Do departmental permanent secretaries embody the correct balance of generalist skills and specialist knowledge and expertise?

45. It is not necessary for Permanent Secretaries to have specialist skills; they need to have the awareness of what skills are needed and how to acquire them, either personally or through the teams they appoint. Areas of Civil Service weakness indicate where past senior leaders have been lacking in the necessary awareness.

46. Factors which may contribute to lack of awareness are insufficient diversity of perspective, both within an organisation and amongst those with whom it regularly interacts, lack of transparency and lack of openness to challenge.

47. It is because leaders may lack awareness of the skills needed that strong accountability and incentives are insufficient to guarantee that the natural faculties of talented Civil Service leaders will find effective and innovative ways of delivering effective public policy.

What effect has the division of responsibilities between the Cabinet Secretary and the Head of the Civil Service had on the Civil Service and its effectiveness?

48. The formal division of responsibilities is less important than whether responsibilities are discharged effectively; structure may be a contributory factor but the ability of leaders is likely to be more important.

What are the strengths and weaknesses of the current federalised system of Whitehall departments?

49. There is no effective central strategy or oversight in the current system. Outcomes which require cross-cutting collaboration have proved particularly difficult to achieve.

Does the long-term future of the civil service require more comprehensive and deeper consideration and, if so, how should this be done?

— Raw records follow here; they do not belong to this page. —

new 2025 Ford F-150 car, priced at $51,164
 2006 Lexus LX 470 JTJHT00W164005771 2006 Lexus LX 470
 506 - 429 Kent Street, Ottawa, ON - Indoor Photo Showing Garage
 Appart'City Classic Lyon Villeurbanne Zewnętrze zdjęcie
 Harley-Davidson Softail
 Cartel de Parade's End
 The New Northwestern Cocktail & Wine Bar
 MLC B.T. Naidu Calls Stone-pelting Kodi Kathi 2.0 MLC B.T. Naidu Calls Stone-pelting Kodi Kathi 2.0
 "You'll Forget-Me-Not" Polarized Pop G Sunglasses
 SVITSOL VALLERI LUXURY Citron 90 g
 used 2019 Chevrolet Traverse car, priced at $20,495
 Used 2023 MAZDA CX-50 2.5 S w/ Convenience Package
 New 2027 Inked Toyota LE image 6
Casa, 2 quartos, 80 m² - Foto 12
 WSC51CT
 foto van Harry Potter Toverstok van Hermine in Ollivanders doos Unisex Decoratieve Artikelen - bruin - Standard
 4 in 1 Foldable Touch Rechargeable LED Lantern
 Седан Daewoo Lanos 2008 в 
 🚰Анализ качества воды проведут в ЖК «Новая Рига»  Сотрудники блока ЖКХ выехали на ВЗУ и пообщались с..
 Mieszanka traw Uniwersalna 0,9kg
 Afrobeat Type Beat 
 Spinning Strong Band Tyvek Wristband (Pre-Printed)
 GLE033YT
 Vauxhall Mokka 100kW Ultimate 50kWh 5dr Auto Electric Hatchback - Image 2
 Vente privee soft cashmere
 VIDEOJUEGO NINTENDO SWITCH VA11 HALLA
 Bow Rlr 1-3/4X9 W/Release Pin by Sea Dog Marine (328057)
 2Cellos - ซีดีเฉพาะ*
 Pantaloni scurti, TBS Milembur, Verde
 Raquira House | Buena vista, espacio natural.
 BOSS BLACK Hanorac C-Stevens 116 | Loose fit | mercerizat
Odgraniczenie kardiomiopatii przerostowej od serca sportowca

50. There are advantages in focusing on securing practical benefits from the reforms proposed by the government of the day.

Background

51. An Operational Research professional by background, D H Owen began his career in the private sector before spending eighteen years as a civil servant in both policy and professional rôles, predominantly in HM Treasury. Posts included Business Director of the Government Operational Research Service; UK National Expert (Evaluation) at the European Commission; Project Leader, Public Services Productivity Panel; Joint Action Leader, Prime Minister’s Delivery Unit; Head of National Insurance Policy; Head of Operational Research, HM Treasury. He has a special interest in public sector performance management. His work has focused particularly on understanding and addressing the barriers to delivery of the priorities of the government of the day.

52. An employment tribunal recently ruled that Mr Owen’s dismissal from HM Treasury last year was unfair and unreasonable. Mr Owen believes this was atypical and hopes to return shortly to a Civil Service he believes eager to meet the challenges confronting it.